まだ日は浅いが、芽は出始めている。取材に訪れた3月下旬、選手たちが一塁付近に集まって何やら話し込んでいた。投手の青柳克哉がこう教えてくれた。
「イチローさんから、塁間ではニュートラルの体勢をとったほうが打球判断がしやすいと教わりました。それを練習で実践しているなかで、ファーストライナーで(一塁に戻れず)アウトになってしまったランナーがいて。みんなで集まって話し合った結果、リードはもう少し小さくしよう、と」
以前は監督やコーチが選手を集めるのが常だったが、このとき集合を呼びかけたのは選手だった。自ら考え、発信することが習慣化しつつある。
「強豪校に勝つ難しさはわかっている」
イチローのキャッチボール相手を務めた青柳は、ツーシームやカットボールといった小さく動く変化球の習得を勧められ、練習に励んできた。春の大会はエースナンバーを背負ってマウンドに立つ。

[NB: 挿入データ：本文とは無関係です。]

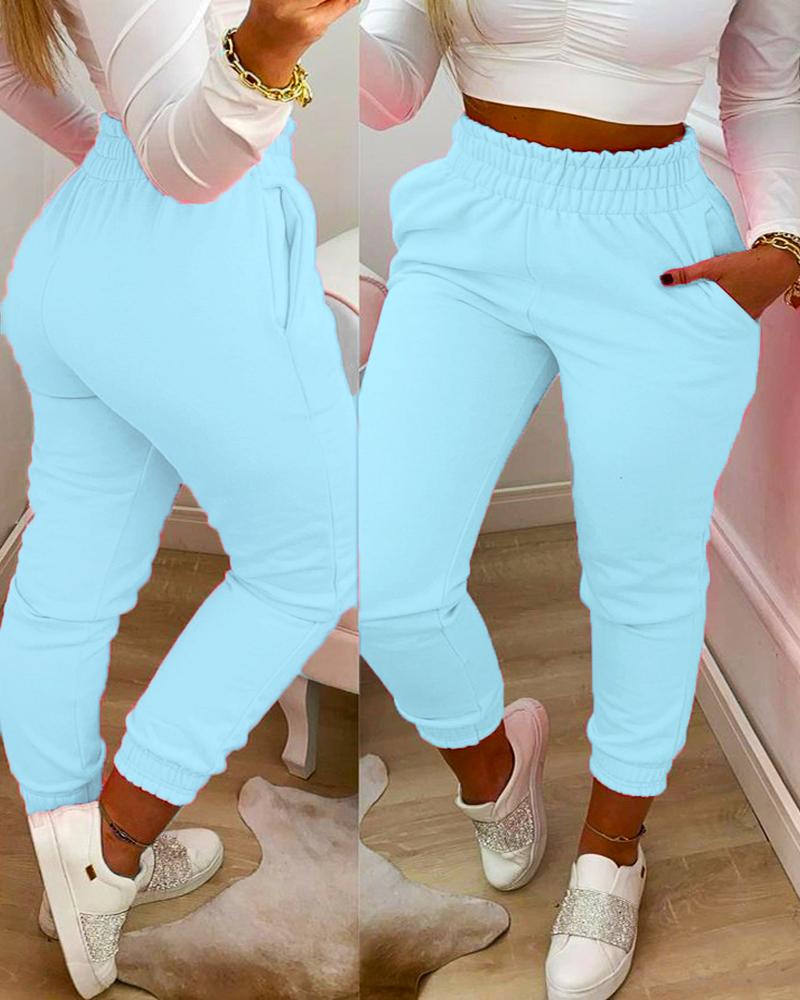 

Pocket Design Shirring Waist Frill Hem Casual Pants, Sky blue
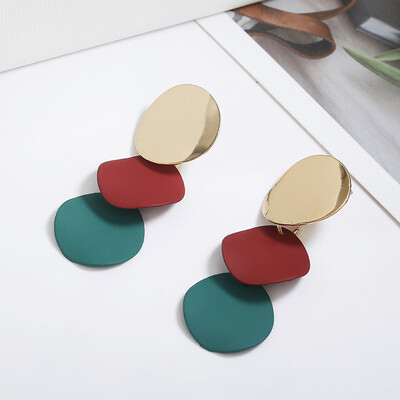 

Elegant Candy Colors Round Metal Uneven Drop Earrings for Women 2019 New Geometric Statement Earrings Womens Fashion Jewelry
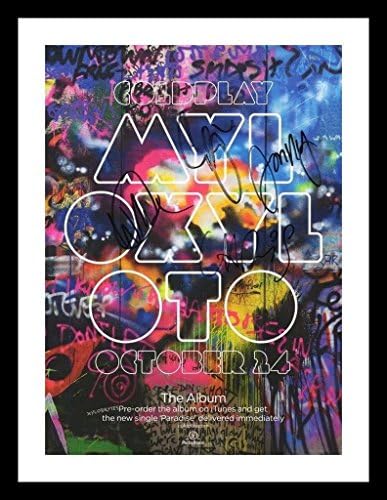 COldplay Signed Autographed 21cm x 29.7cm A4 And Framed Poster Photo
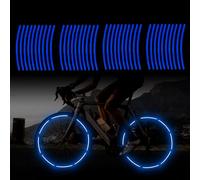 TOMALL Lot de 40 bandes réfléchissantes pour jantes de vélo, voiture, vélo, moto de nuit, décoration de sécurité universelle (bleu)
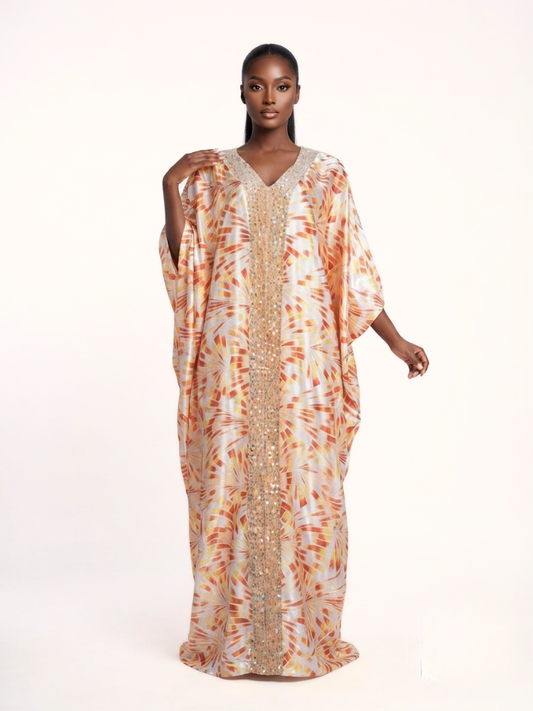 Ina Sequin Bubu Dress | Gold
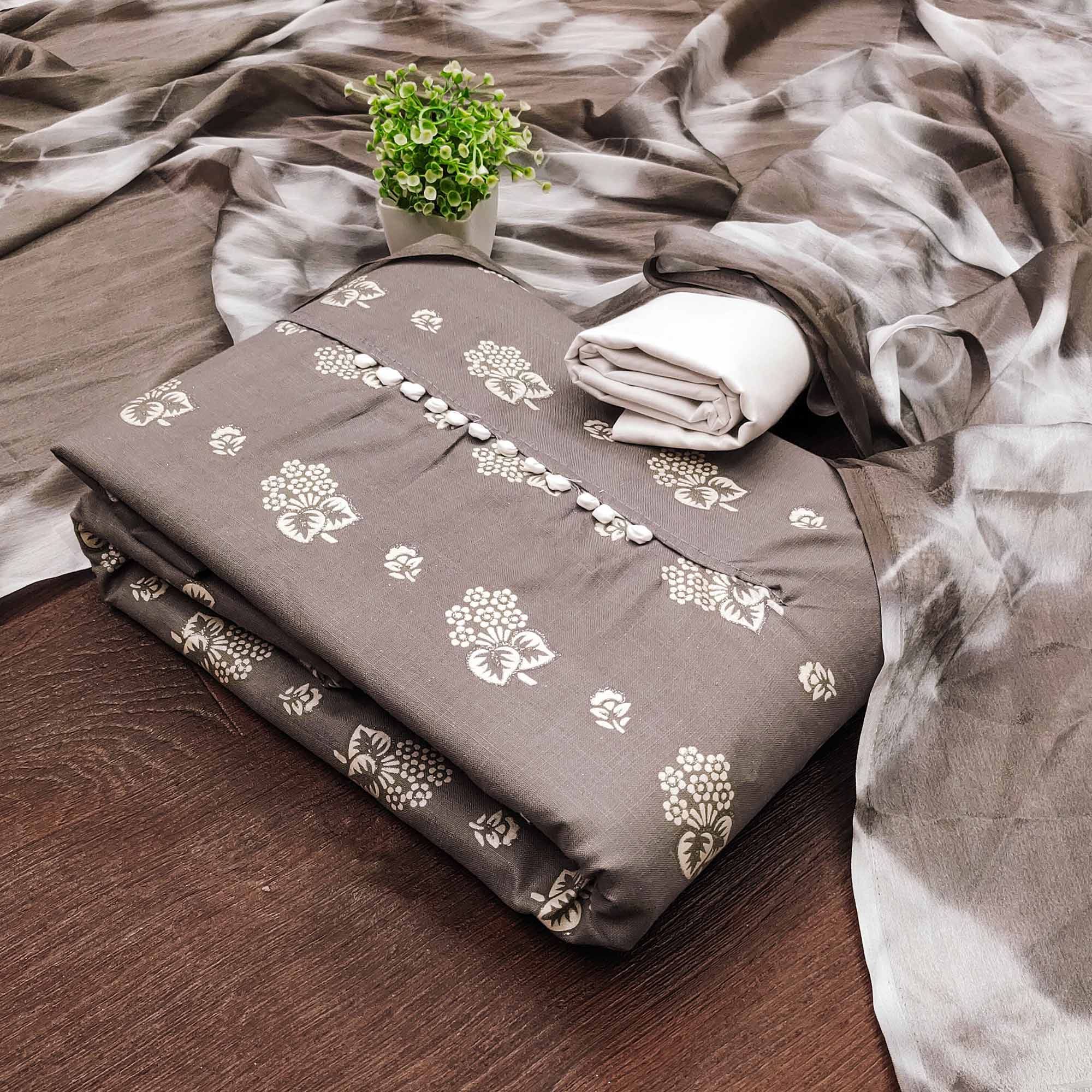Sophisticated Grey Floral Printed Cotton Blend Dress Material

千葉明徳は昨年、春は習志野に、夏は専大松戸に、秋は東海大市原望洋に負けた。それを踏まえて、青柳は言う。
「強豪校に勝つことの難しさは自分たちがいちばんわかっているので、冬の間、みんなでそこに向かって取り組んできました」
イチローの来訪を機に変わり始めた千葉明徳。強豪撃破のすぐ先に、甲子園が待っている。